L’autre soir, je glandais devant une émission qui m’exaspère : Paris Dernière. Je lui consacrerai un article du
dimanche plus tard. En gros, le principe de l’émission : le présentateur, Frédéric Taddéï, filme les nuits parisiennes avec sa caméra numérique, c’est brut, à peine monté, à peine intelligible, aussi. Il erre dans les hauts lieux de la nuit parisienne et retrouve plein de « stars ». Curieusement, je l’ai jamais vu entrer dans le PMU du coin mais passons.

 
Un soir, M. Taddéï entre dans un café et trouve une femme de type hispanique dont je n’ai pas vu le nom et c’est bien dommage car je l’ai trouvée très intéressante. Cette femme est écrivaine et vient d’Argentine ou de Colombie, je ne sais plus trop, elle est très belle et parle beaucoup de sexe dans ses ouvrages si j’ai bien compris. D’ailleurs, lecteur, si tu vois de qui je parle, merci de me le dire, ça me fera plaisir. Donc au début, je souris : encore une de ses écrivains pseudo libertins que Tadéï fréquente et qui vont finir par se montrer ridicule.

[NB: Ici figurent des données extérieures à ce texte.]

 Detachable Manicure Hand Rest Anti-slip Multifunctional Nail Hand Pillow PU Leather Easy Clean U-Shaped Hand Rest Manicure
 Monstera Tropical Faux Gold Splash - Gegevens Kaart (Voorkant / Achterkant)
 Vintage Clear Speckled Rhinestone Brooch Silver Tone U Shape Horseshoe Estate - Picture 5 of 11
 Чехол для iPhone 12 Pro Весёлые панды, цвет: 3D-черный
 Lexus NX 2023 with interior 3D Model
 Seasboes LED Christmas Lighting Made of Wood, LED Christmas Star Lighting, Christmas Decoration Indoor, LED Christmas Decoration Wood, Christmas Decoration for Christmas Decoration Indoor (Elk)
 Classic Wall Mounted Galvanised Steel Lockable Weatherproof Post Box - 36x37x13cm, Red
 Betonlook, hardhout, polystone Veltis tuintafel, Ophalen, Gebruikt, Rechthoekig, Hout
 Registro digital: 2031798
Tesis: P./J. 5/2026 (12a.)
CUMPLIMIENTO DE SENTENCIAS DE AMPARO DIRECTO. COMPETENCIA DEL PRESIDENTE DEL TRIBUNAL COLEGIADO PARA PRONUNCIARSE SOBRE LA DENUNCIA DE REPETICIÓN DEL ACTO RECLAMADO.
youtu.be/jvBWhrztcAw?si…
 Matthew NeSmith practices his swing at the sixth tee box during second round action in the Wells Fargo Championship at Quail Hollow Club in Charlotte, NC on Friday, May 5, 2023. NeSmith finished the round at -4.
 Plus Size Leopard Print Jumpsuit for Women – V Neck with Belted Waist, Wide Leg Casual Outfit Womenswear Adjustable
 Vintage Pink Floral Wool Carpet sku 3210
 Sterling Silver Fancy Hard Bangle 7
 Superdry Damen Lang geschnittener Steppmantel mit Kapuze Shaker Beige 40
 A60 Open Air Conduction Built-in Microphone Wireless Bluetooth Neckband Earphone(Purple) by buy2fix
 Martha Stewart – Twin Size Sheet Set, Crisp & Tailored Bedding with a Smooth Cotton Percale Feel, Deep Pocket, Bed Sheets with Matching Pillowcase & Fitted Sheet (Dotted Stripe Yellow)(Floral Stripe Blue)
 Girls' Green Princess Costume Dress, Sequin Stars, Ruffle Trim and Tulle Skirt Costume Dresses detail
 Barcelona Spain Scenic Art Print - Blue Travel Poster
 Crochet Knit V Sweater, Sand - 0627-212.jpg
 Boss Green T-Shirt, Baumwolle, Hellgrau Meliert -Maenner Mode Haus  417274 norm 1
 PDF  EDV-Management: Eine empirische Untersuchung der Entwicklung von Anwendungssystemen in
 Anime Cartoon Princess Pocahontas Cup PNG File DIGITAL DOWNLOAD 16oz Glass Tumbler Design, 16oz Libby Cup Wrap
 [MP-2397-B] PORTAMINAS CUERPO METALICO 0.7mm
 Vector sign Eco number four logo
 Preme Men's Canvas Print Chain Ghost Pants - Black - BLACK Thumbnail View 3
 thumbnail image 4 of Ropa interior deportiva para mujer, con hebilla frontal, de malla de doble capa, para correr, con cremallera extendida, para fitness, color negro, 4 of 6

Et bien pas du tout. D’abord, je suis charmée par son accent et sa voix très douce, son discours est assez amusant. Puis Taddéï l’entraîne dans la rue, ils vont voir des artistes de rue au pied de Beaubourg puis à un moment, elle dit : « Tu vois, on ne peut jamais souffrir par le sexe alors qu’on souffre toujours par l’amour ». Pour une fois, cette émission aura produit une phrase intelligente.
 
Que de cœurs brisés
En ce moment, je rencontre surtout des hommes qui ont beaucoup souffert à cause d’une (ou plusieurs) femme(s). J’ai toujours du mal avec les gens qui souffrent, j’ai toujours envie de les sortir de là mais je ne sais pas forcément comment m’y prendre… Mais dès que je vois un petit cœur abîmé, c’est plus fort que moi, faut que j’agisse. Et je ne console pas que les hommes. Je me souviens avoir passé une demi-heure sur un banc de ma future ville (ouais, j’étais encore Toulousaine, en transit) à consoler Anne et à la persuader que ce connard qui la fait pleurer ne mérite pas tant de peine. Non parce que c’était vraiment un connard, un du genre égoïste qui ne peut pas vous aimer puisqu’il n’aime que lui, de toute façon. Actuellement, pendant que je rédige cet article, je discute avec Guillaume (mon ex) de ses peines de cœur et j’en apprends de belle, d’ailleurs ! Et moi de lui dire que ça va aller, de profiter de la vie… Après tout, je dois être à peu près la seule personne de ma connaissance à ne pas avoir vécu une rupture très difficile…
 
J’ai vu ma sœur Alice perdre 13 kilos en un mois quand Anthony l’a quittée il y a trois ans. Je crois que ce fut la période de ma vie où je fus le plus proche de ma sœur, on s’appelait quotidiennement, elle voulait mon avis sur Anthony et sa nouvelle pouffe (non mais qu’est-ce qu’elle était fade, il avait vraiment pété un boulon, quitter ma sœur pour cet espèce
d’engin anorexique, beurk !). Sauf que moi, je ne suis pas du tout experte en « je veux récupérer mon ex » puisque je n’ai jamais voulu en récupérer un. Quand c’est fini, c’est fini. Il faut savoir tourner la page et je m’arrange pour le faire assez vite mais d’autres ont du mal, la douleur reste vive. Et plus les gens se sont investis dans la relation et plus ça fait
mal. Chaque fois, je me dis qu’ils n’ont pas mérité ça, qu’ils sont tombés sur des connards (ou connasses) qui ne les méritaient pas. Des fois, je leur dis, ils me croient ou pas mais ça console pas. Et quelque part, ça m’énerve de les voir pleurer pour des gens qui ne le méritent pas mais c’est toujours facile à dire quand on est hors de l’histoire.
 
Pas de pénis ou de vagins brisés (ou c’est vraiment pas de chance)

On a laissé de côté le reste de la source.